Top of The records
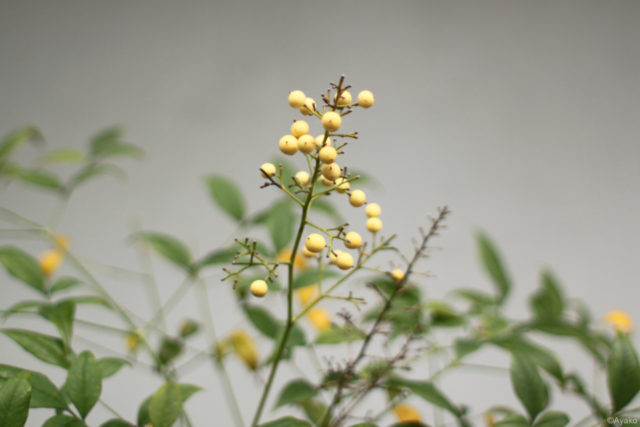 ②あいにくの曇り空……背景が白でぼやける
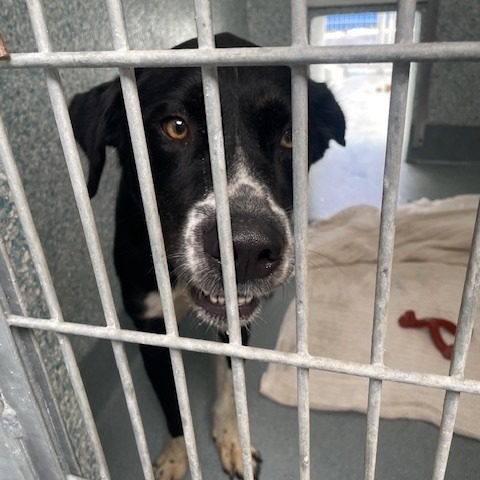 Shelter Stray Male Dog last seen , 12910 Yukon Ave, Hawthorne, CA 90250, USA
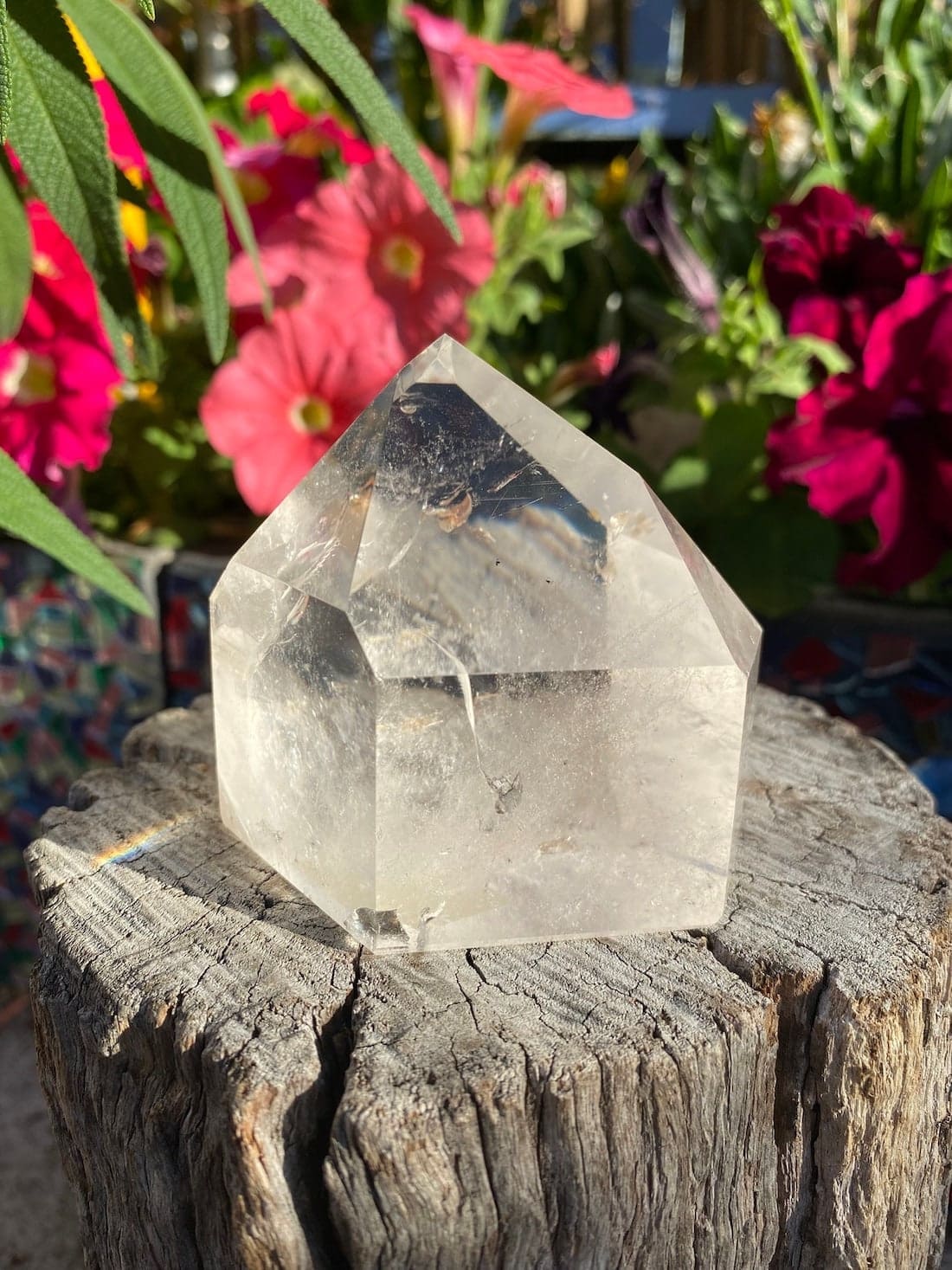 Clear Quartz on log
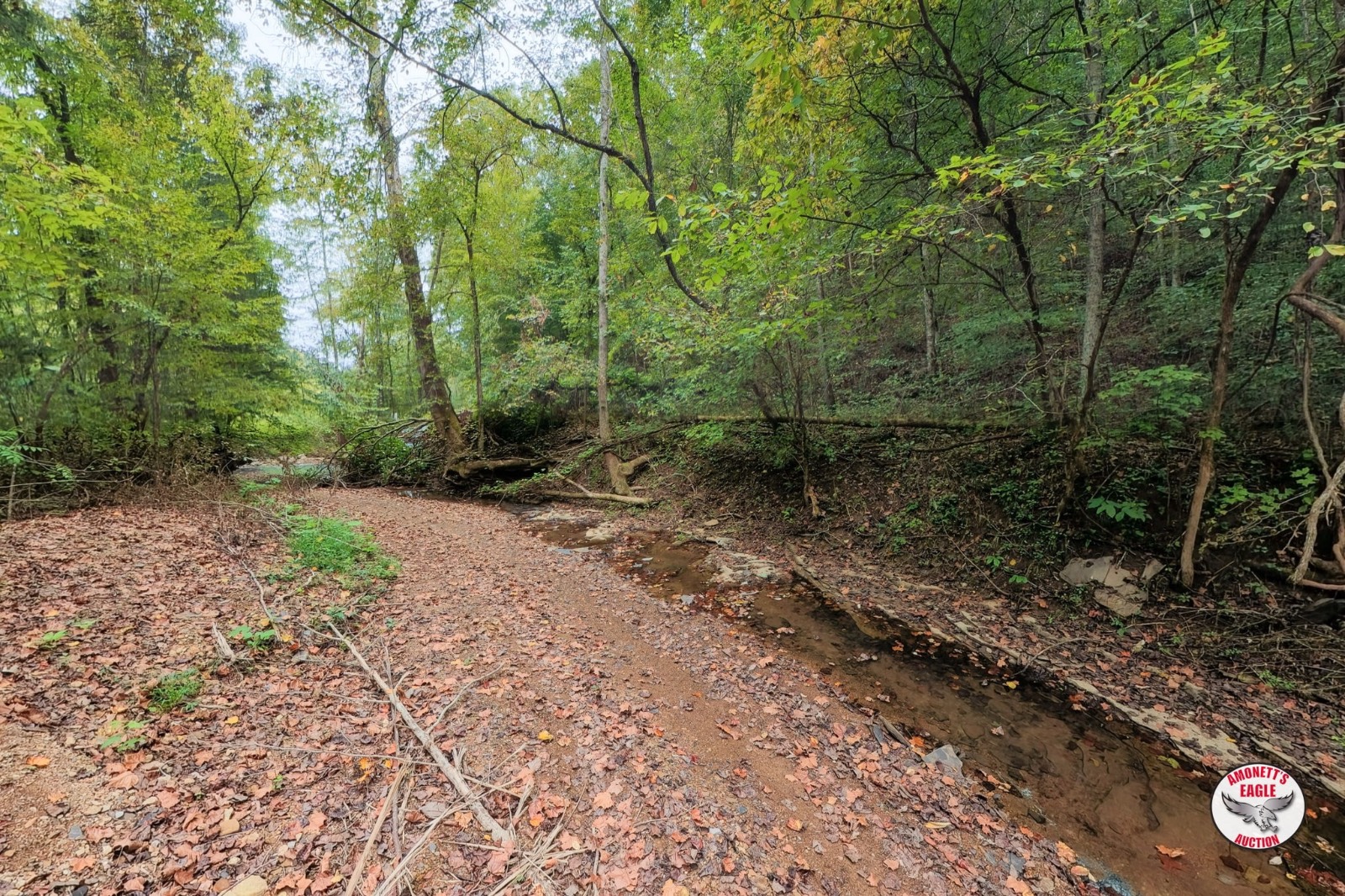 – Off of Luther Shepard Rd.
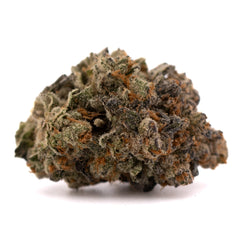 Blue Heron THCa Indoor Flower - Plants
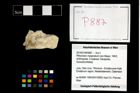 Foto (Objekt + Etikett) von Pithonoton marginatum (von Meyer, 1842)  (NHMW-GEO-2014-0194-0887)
Bottom of The records
Top of The records
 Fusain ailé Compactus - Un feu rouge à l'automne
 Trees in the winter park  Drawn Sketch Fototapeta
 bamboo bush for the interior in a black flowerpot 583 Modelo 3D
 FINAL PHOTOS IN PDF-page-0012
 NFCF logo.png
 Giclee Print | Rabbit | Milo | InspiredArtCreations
Bottom of The records
* [Exercise aim]: Using the data above, print exactly the lines from the line that contains "Fusain ailé Compactus" through the line that contains "Giclee Print |", with both included.

* [Solved exercise]:
 Fusain ailé Compactus - Un feu rouge à l'automne
 Trees in the winter park  Drawn Sketch Fototapeta
 bamboo bush for the interior in a black flowerpot 583 Modelo 3D
 FINAL PHOTOS IN PDF-page-0012
 NFCF logo.png
 Giclee Print | Rabbit | Milo | InspiredArtCreations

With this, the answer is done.